(Extracted records)
----------

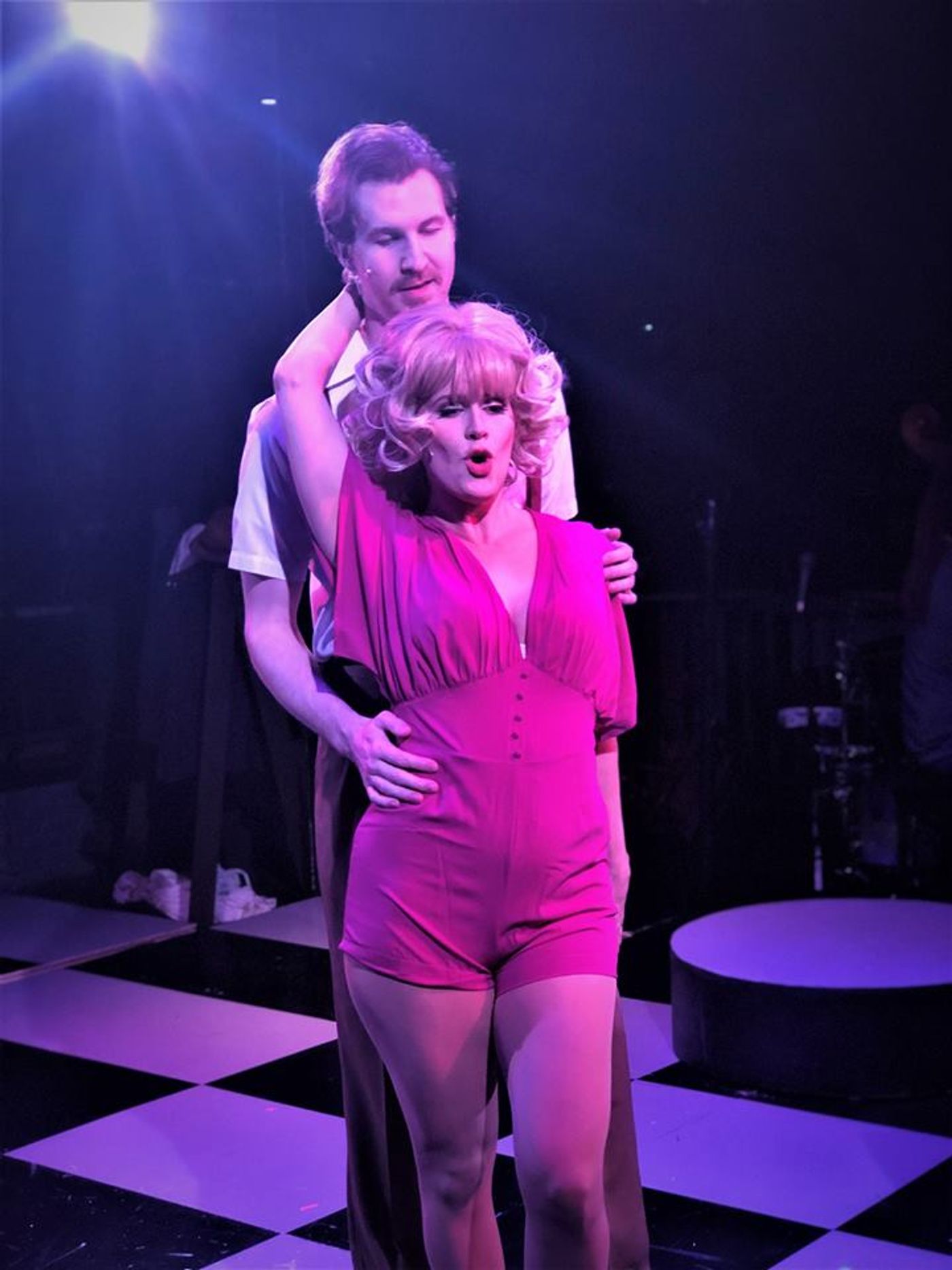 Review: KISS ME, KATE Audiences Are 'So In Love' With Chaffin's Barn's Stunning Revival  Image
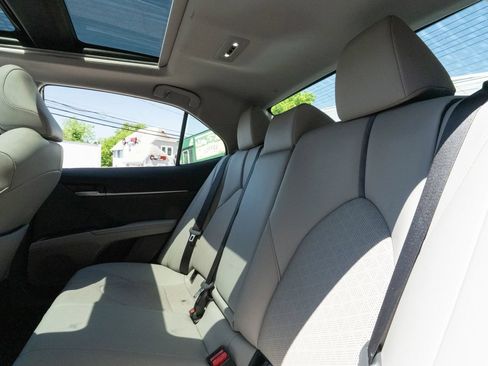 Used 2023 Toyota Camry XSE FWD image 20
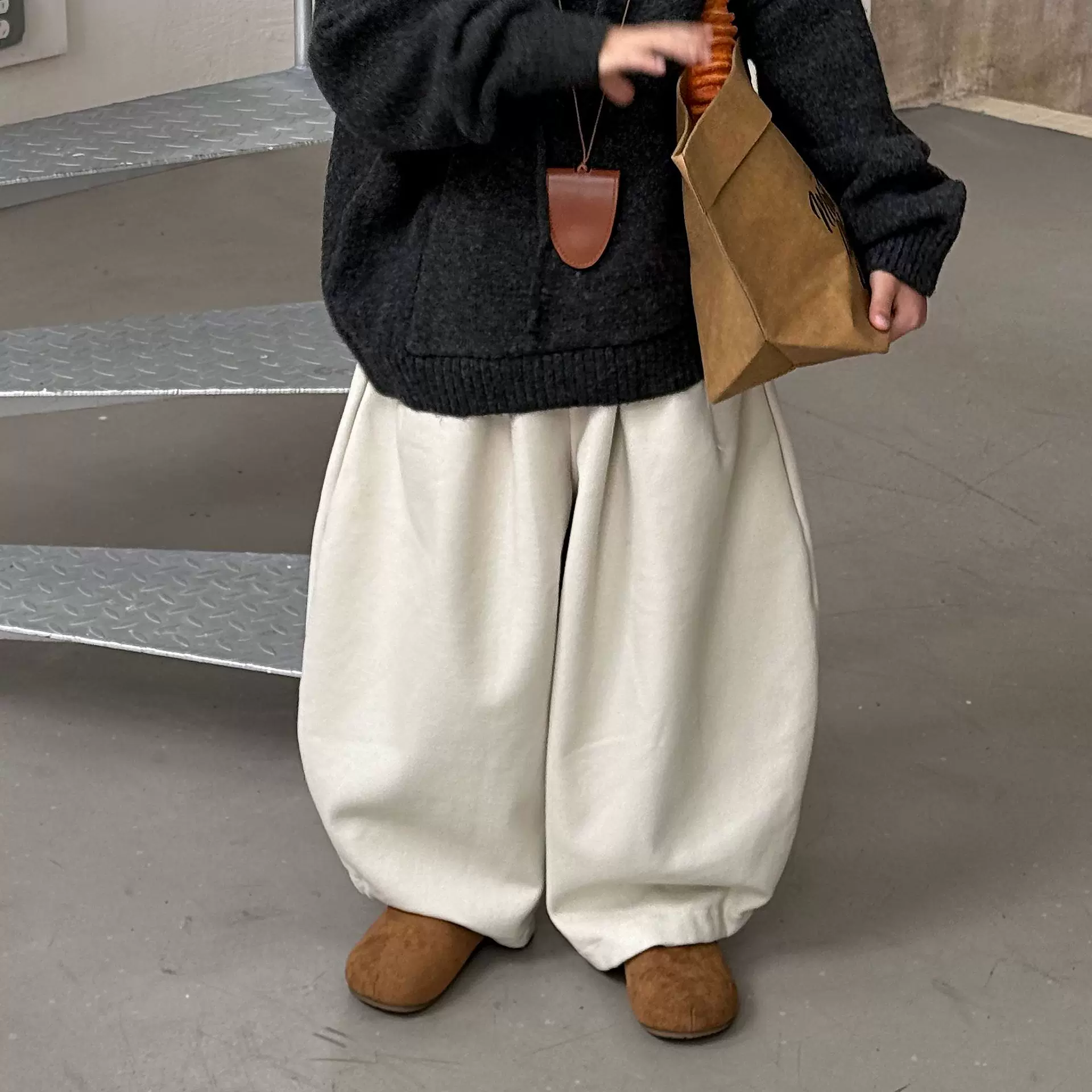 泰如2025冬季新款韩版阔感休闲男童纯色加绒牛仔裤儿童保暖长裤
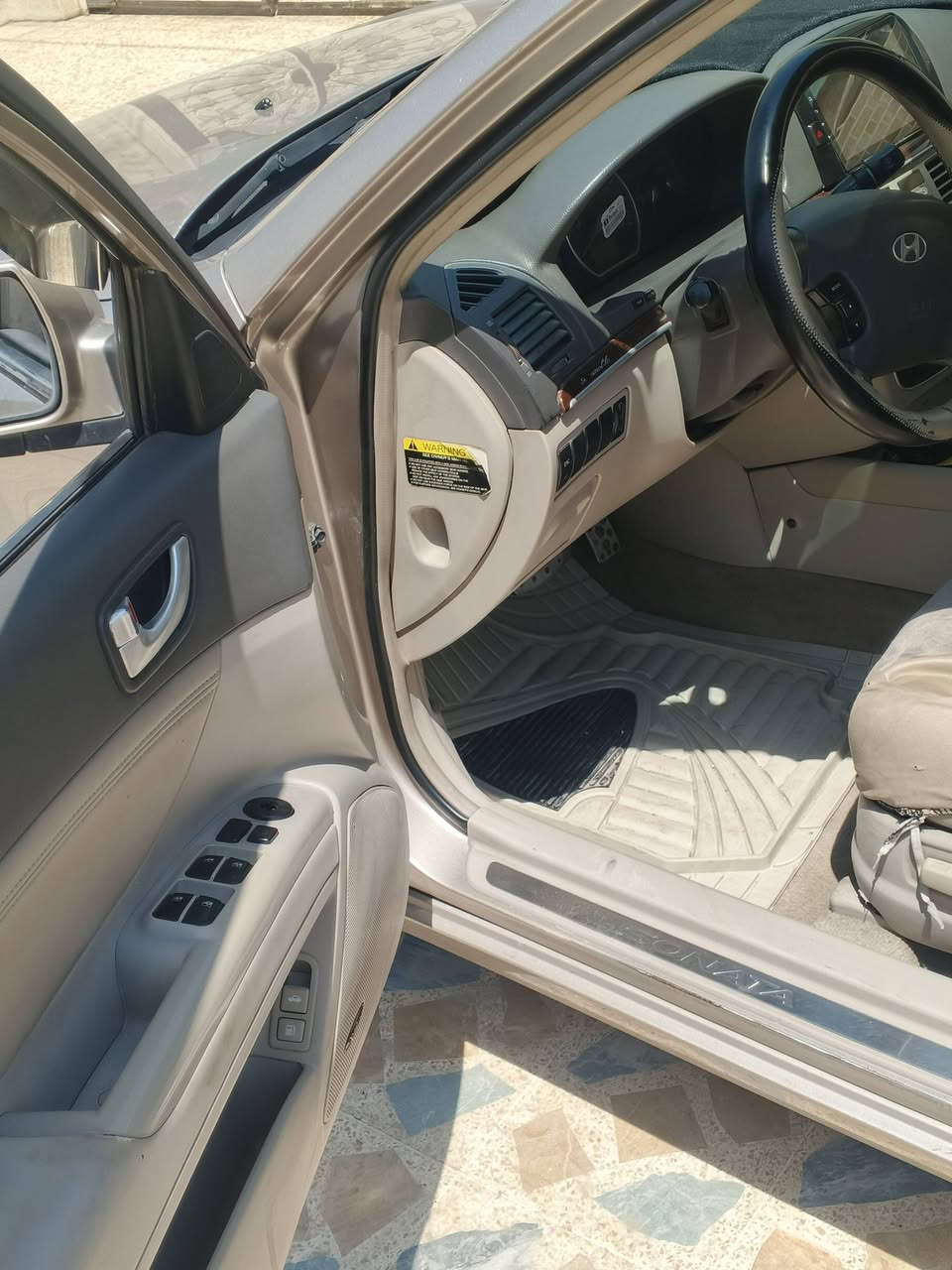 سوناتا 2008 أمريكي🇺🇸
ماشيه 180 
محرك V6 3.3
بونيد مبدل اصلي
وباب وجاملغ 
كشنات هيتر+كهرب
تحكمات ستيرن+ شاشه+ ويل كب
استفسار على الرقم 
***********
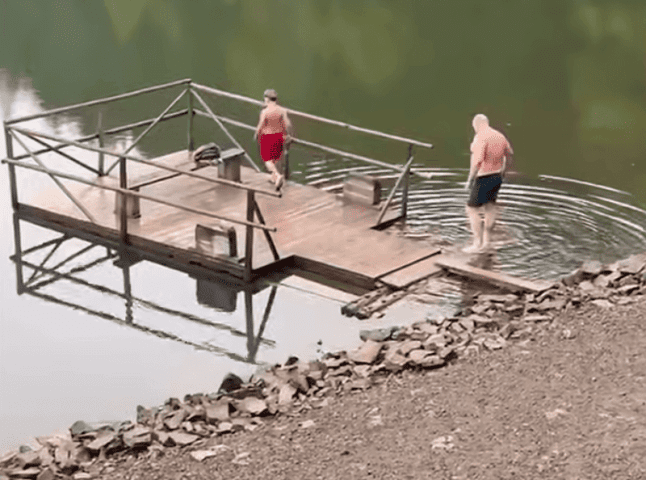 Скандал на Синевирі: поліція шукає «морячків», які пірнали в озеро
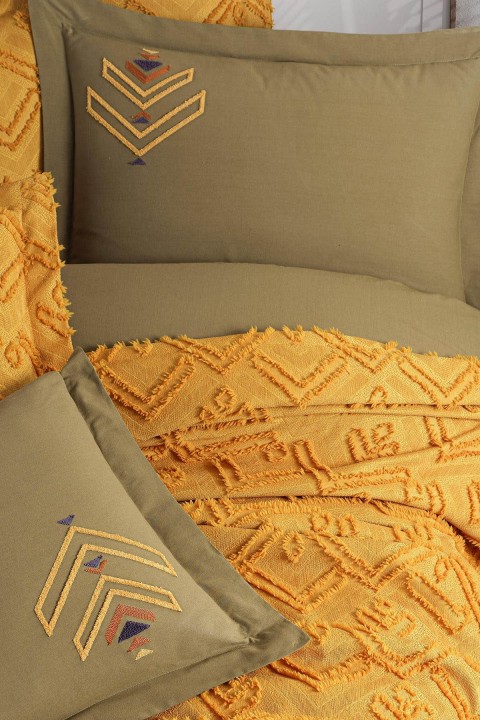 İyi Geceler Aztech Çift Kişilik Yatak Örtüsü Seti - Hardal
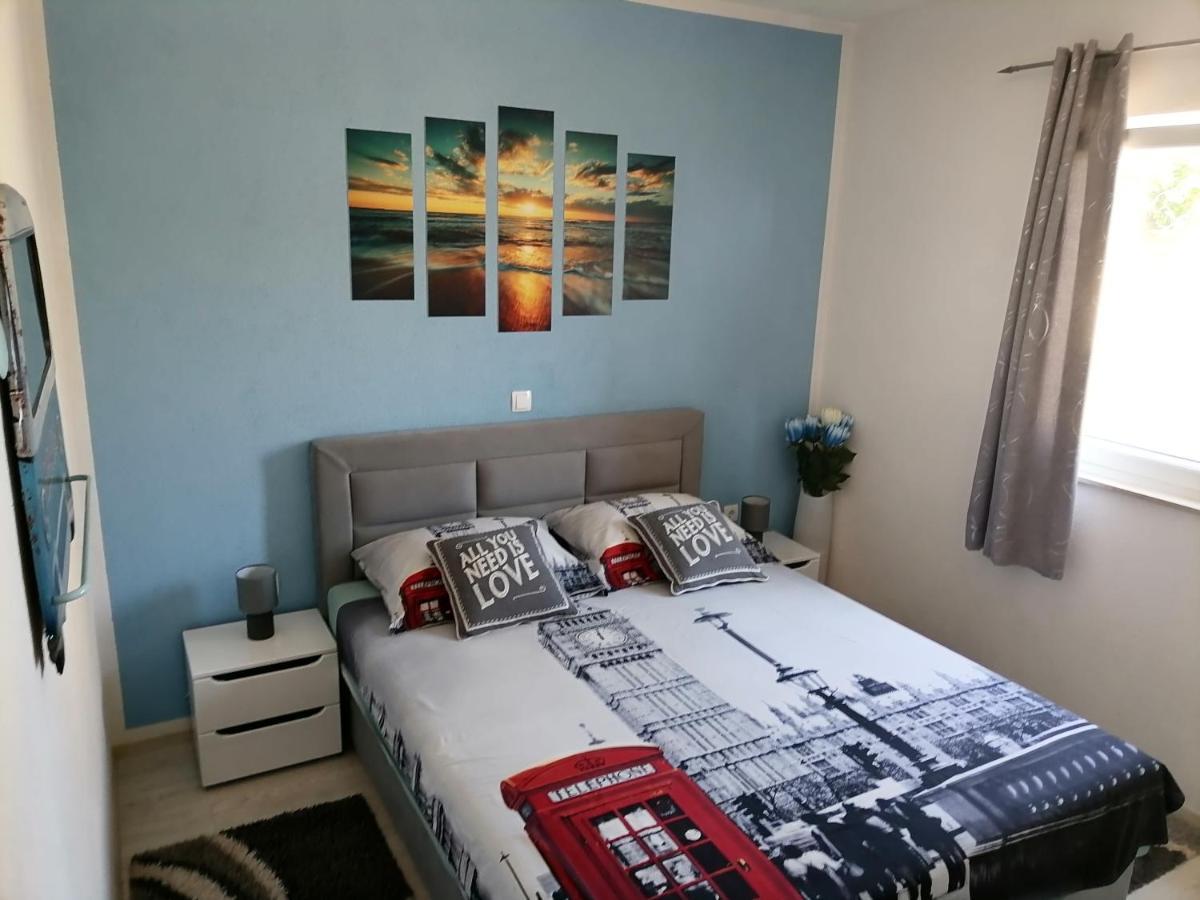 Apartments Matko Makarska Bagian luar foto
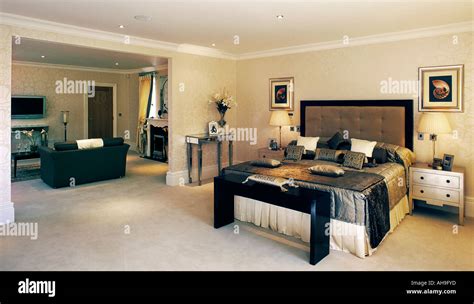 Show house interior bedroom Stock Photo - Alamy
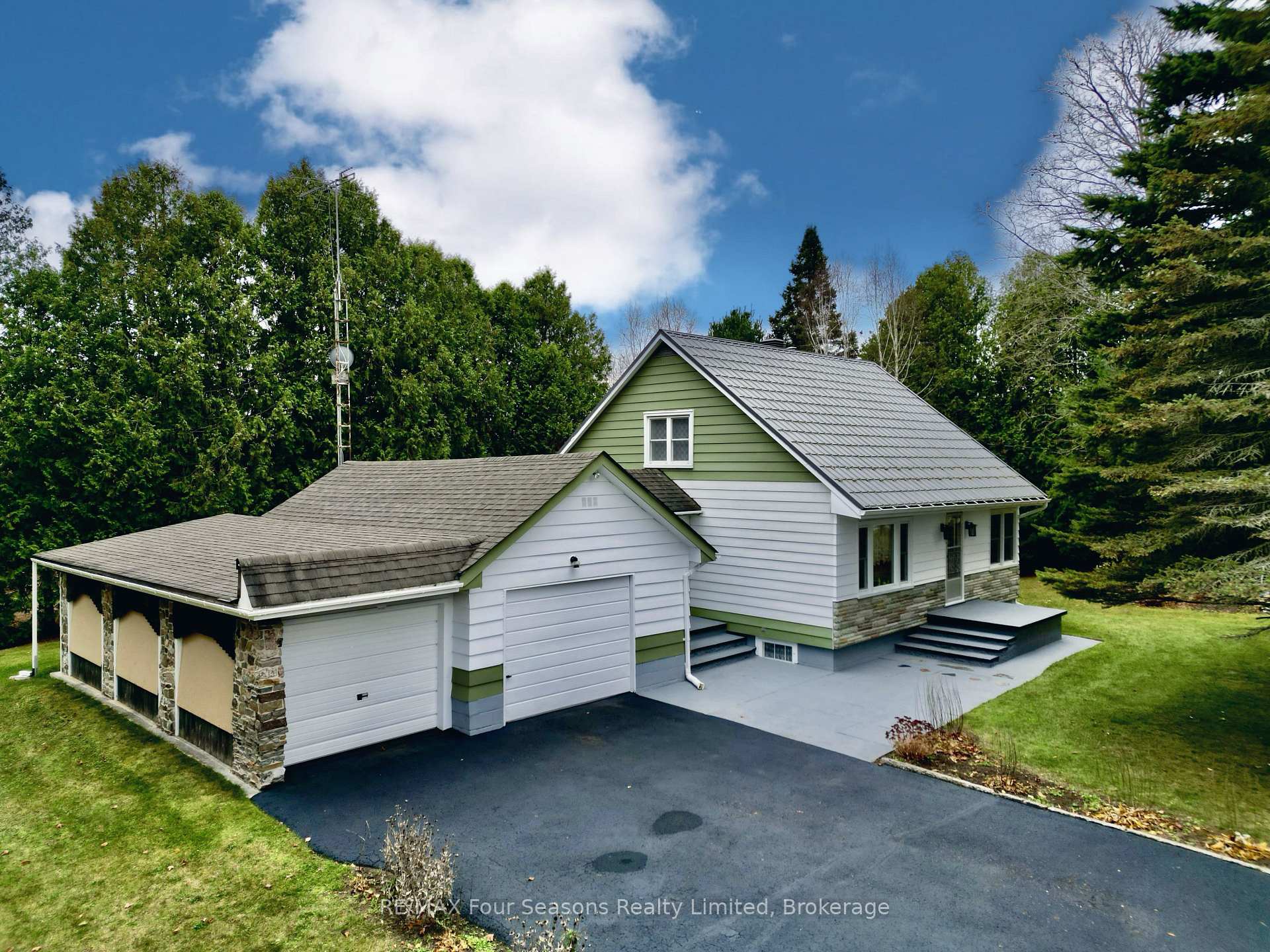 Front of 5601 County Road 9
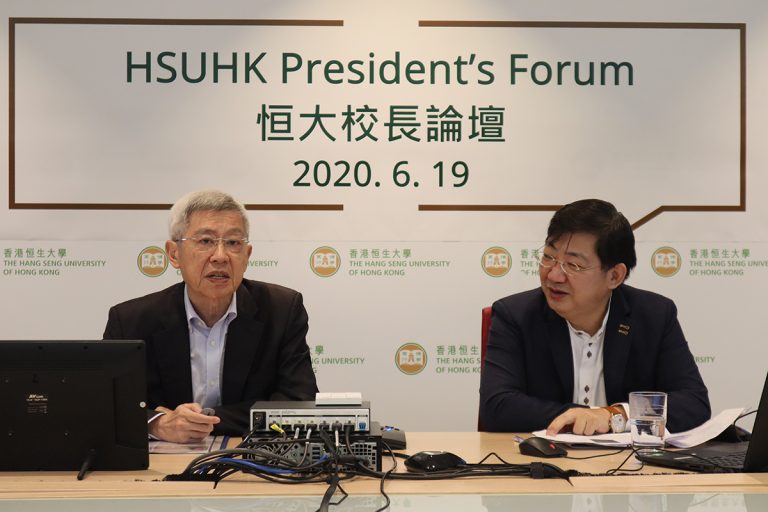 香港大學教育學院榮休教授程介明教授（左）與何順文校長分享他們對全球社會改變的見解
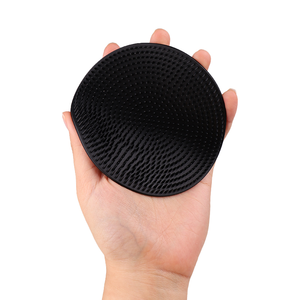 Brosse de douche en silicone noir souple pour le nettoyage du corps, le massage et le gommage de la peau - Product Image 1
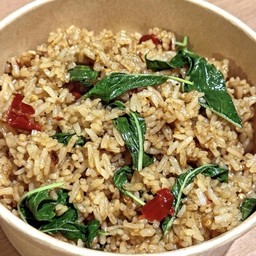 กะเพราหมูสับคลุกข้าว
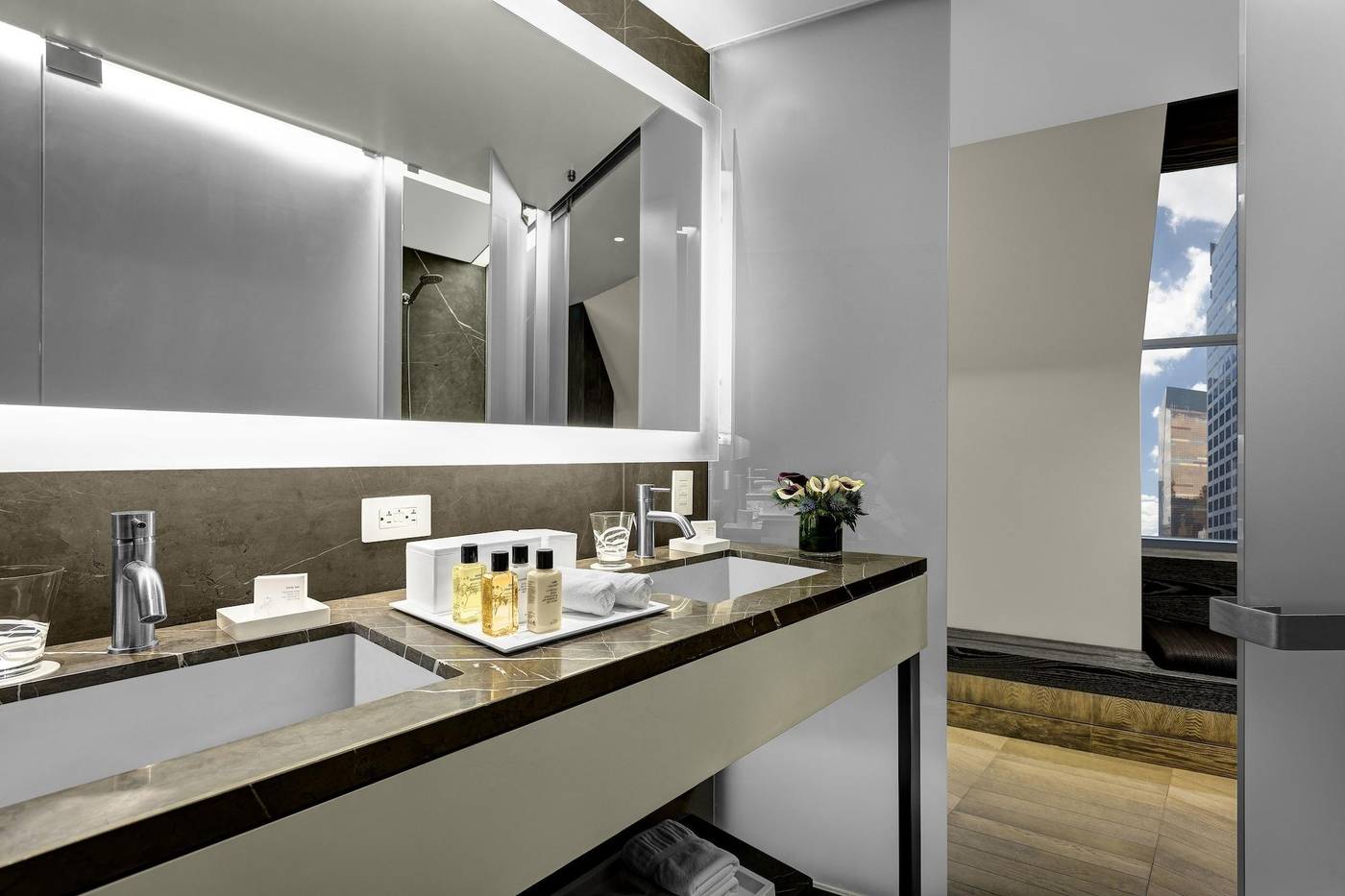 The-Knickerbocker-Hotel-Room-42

----------

*Task objective*.
Set down only the lines running from the line with "Скандал на Синевирі: поліція" to the end of the entries, inclusive; omit every picture.

*Expected output*.
 Скандал на Синевирі: поліція шукає «морячків», які пірнали в озеро
 İyi Geceler Aztech Çift Kişilik Yatak Örtüsü Seti - Hardal
 Apartments Matko Makarska Bagian luar foto
 Show house interior bedroom Stock Photo - Alamy
 Front of 5601 County Road 9
 香港大學教育學院榮休教授程介明教授（左）與何順文校長分享他們對全球社會改變的見解
 Brosse de douche en silicone noir souple pour le nettoyage du corps, le massage et le gommage de la peau - Product Image 1
 กะเพราหมูสับคลุกข้าว
 The-Knickerbocker-Hotel-Room-42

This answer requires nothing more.